[Image-caption web data]
****
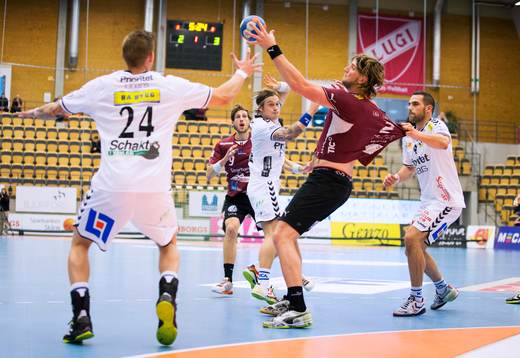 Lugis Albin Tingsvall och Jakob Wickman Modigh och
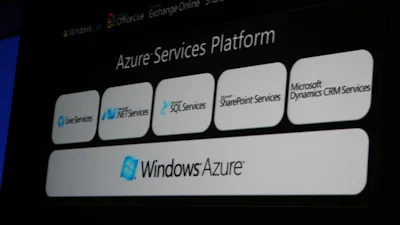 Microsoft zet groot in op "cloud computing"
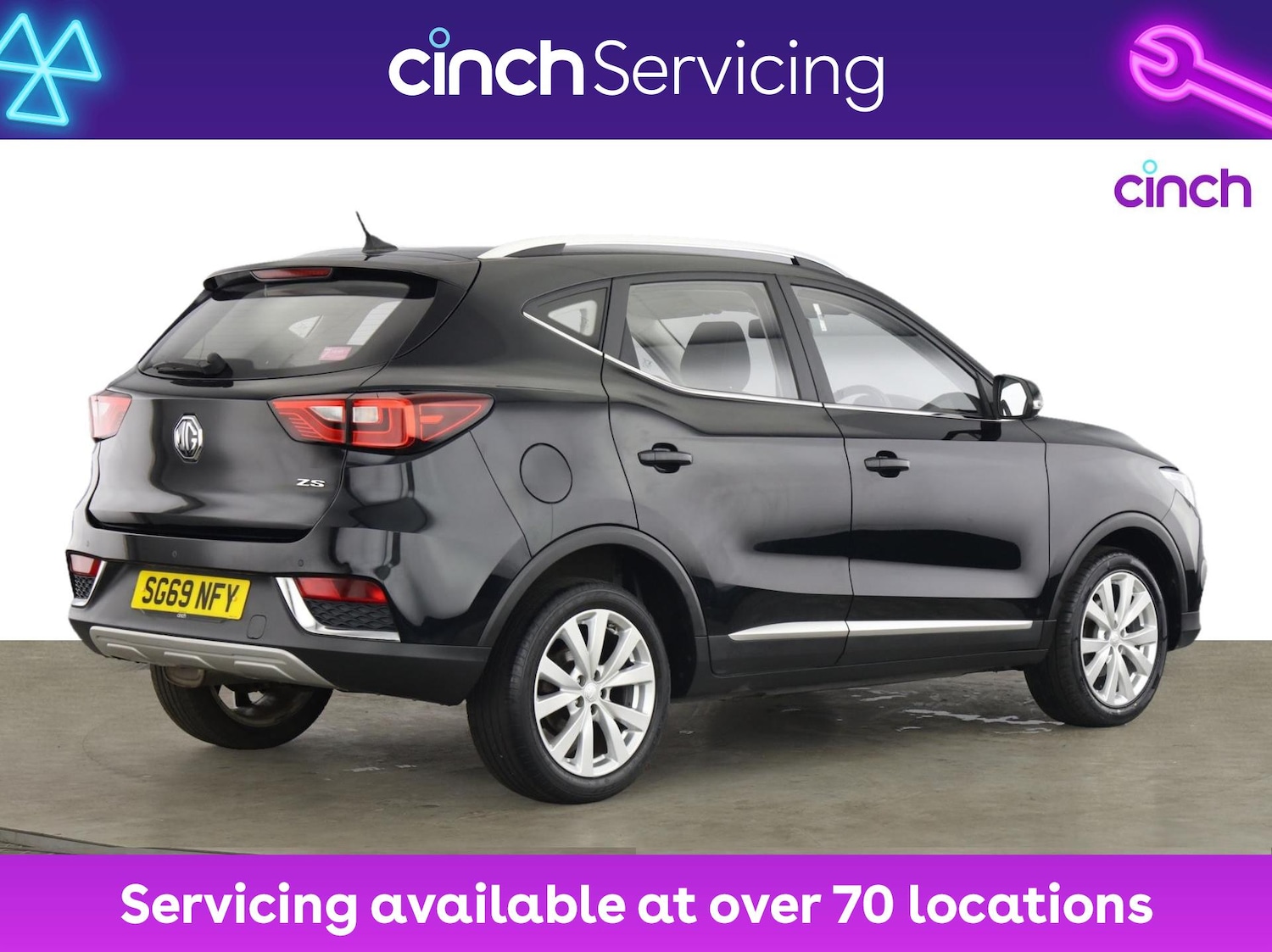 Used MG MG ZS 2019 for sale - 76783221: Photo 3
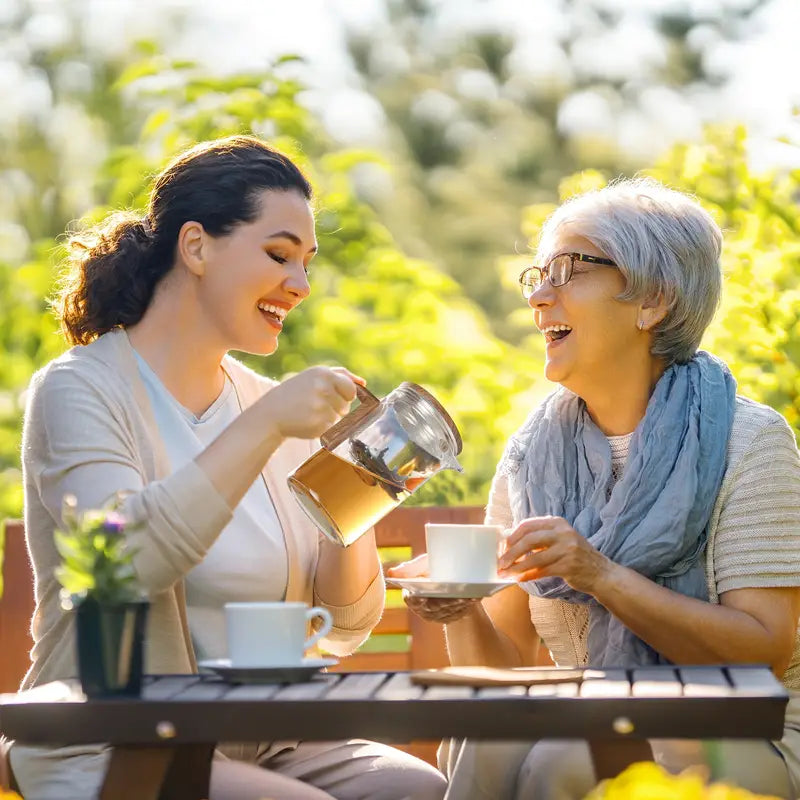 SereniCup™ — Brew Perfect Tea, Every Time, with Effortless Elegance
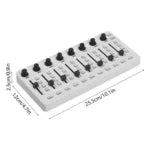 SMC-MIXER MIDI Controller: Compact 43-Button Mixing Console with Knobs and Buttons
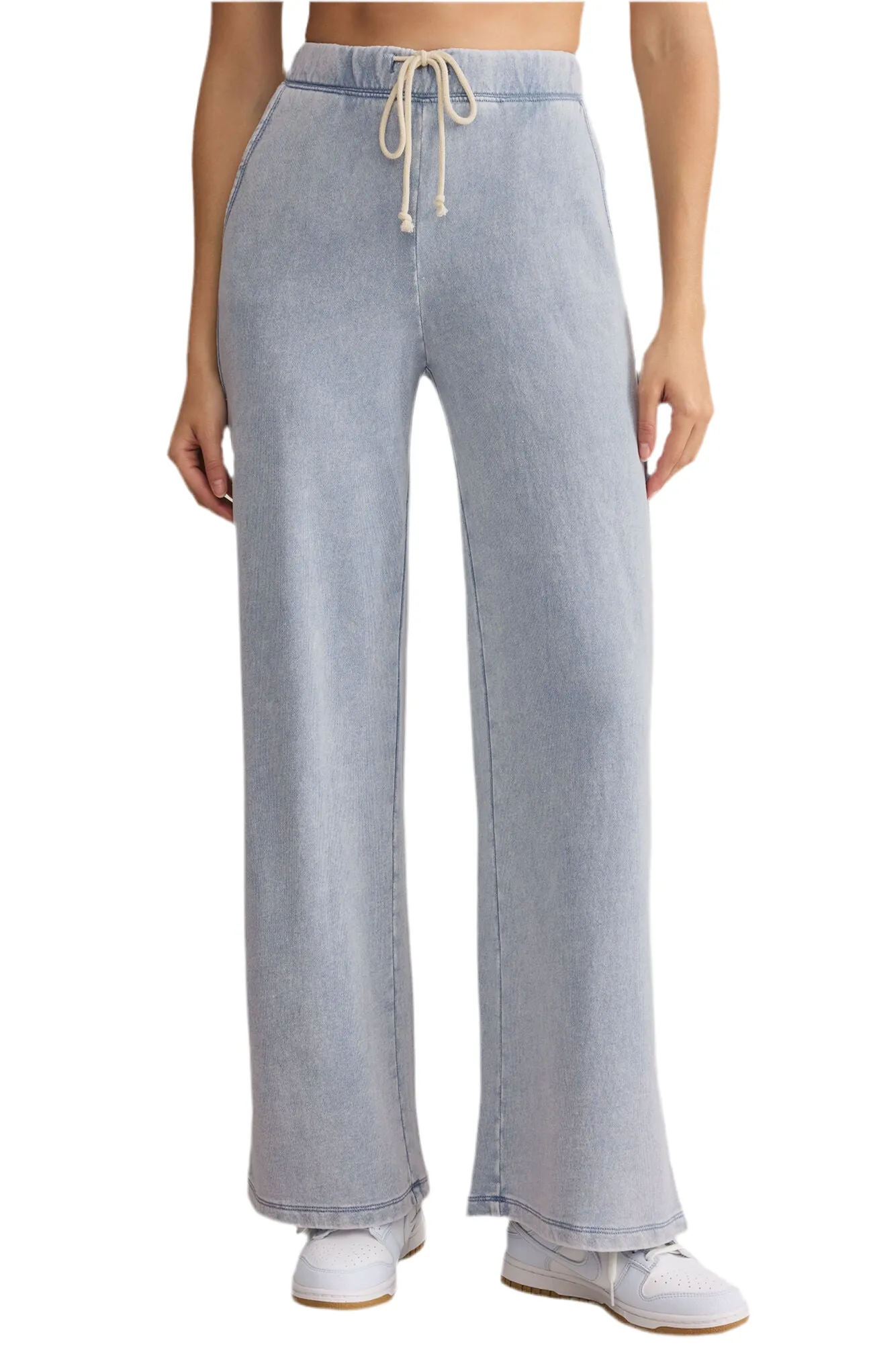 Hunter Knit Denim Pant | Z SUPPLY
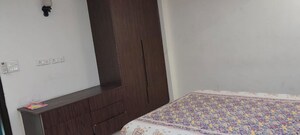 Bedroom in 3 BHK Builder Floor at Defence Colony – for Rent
****
Aim of the exercise: Skip the pictures and retype exactly the lines from the one that contains "Hunter Knit Denim Pant | Z SUPPLY" to the last line of the records.

Task solution:
 Hunter Knit Denim Pant | Z SUPPLY
 Bedroom in 3 BHK Builder Floor at Defence Colony – for Rent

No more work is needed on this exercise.